Artemisia Gentileschi: an artistic challenge to 17th -century patriarchy
Alessia Silvi
History of Art
3rd
Year of study:
Abstract
My project focuses on the female painter Artemisia Gentileschi’s works in Venice (1627-1630), an enigma for art historians because few of her paintings from this time have survived. We know, however, that Artemisia played a central role in the most influential Venetian cultural circles: as sources show, she engaged with prominent female writers (often defined as ‘proto-feminist’ for their radical views on women’s worth) and with intellectuals that contributed significantly to the birth of opera.

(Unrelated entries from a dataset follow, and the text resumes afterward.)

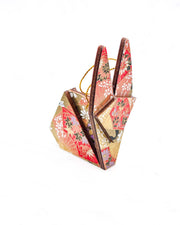 Small wooden origami rabbit ornament featuring red and purple floral hand fans and gold floral ribbons on an orange gradient background covered in small white plum blossoms with metallic gold details.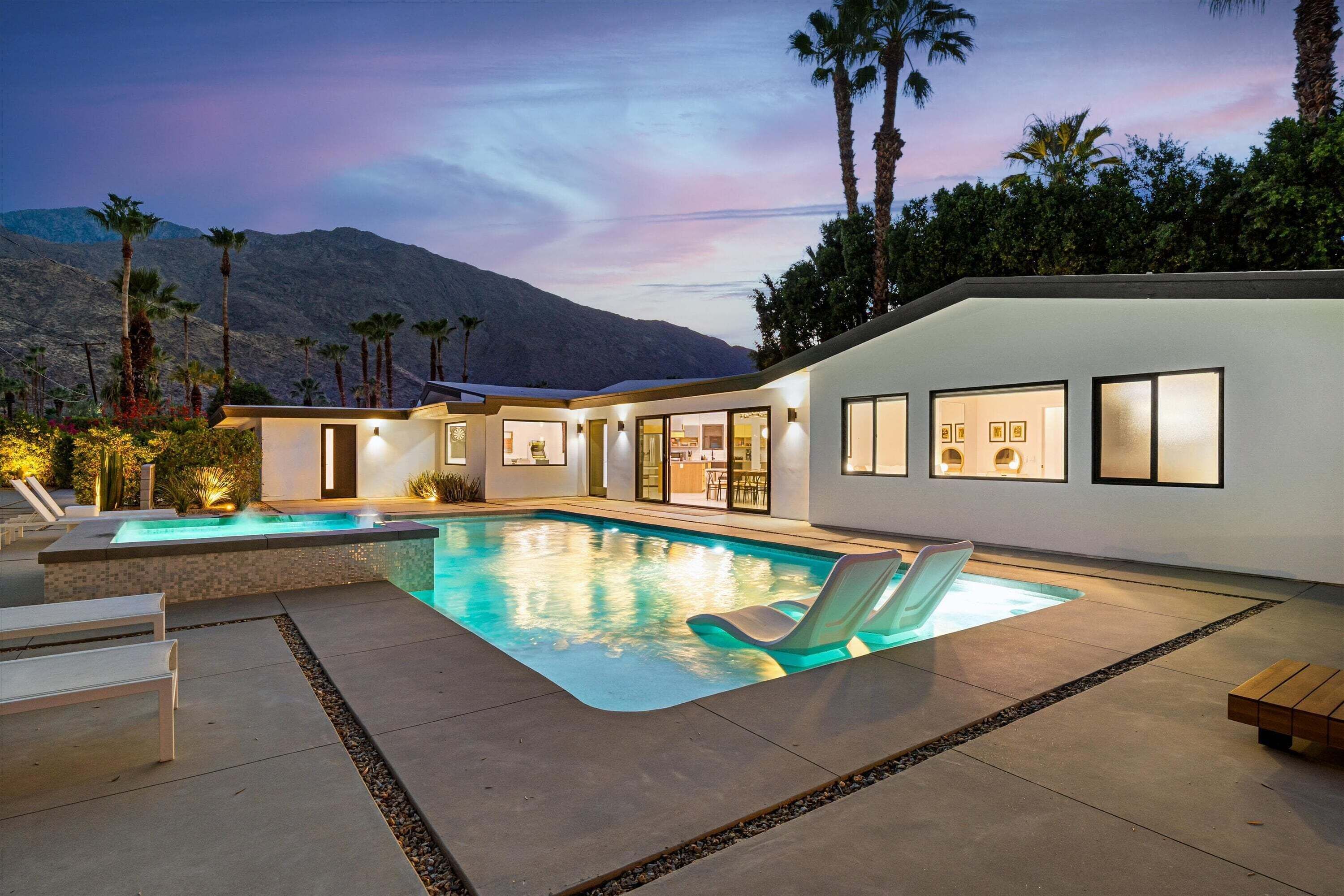 A modern house with a swimming pool, outdoor seating, and a mountain view.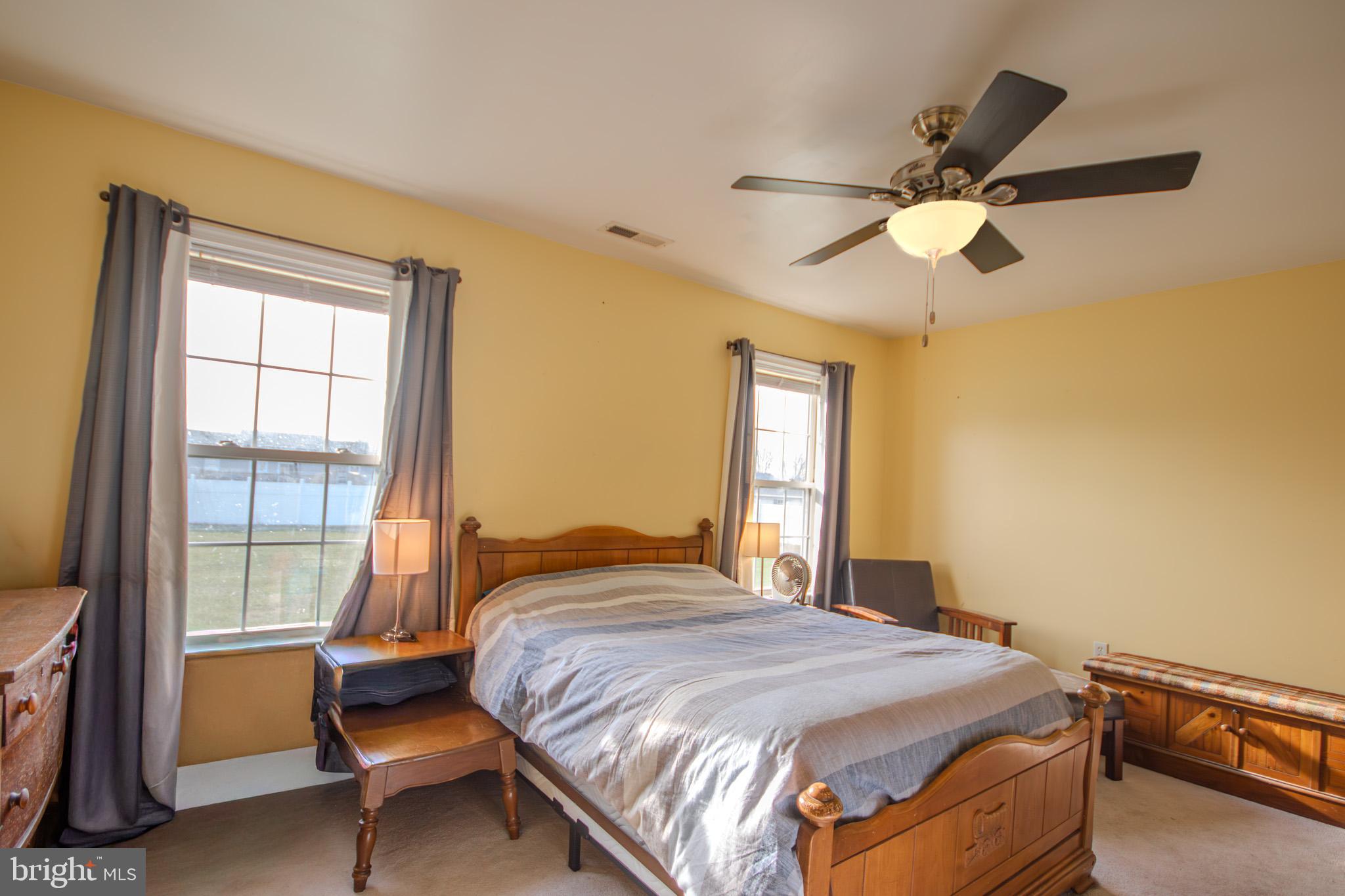 30071 Deanwood Road Princess Anne, MD 21853 - Photo 16 of 37 a bedroom with a bed and a window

By adopting a gender studies methodology, I investigate the links and reciprocal influences between Artemisia’s known paintings during her time in Venice, the treatises on women’s value, and opera scripts, particularly those that present strong female protagonists. These works share an innovative view of women’s bodies, voices and gestures, an original approach to dress and its role as an instrument of eloquence, and a new perspective on exemplary models of femininity. I also argue that these themes intersect with profound social and economic changes in early modern Europe, concerning in particular women’s roles and status. Literary and visual sources articulate cultural debates on female value, in which the virtuose, including Artemisia herself, were undisputed protagonists.
This research also provides an opportunity to reflect on how diverse media, including painting, literature, music and theatre, form a complex web of reciprocal influences while contributing as a whole to define new social and cultural values - in this case, they shape a new and, in some respects, revolutionary idea of femininity and of women’s right to self-expression.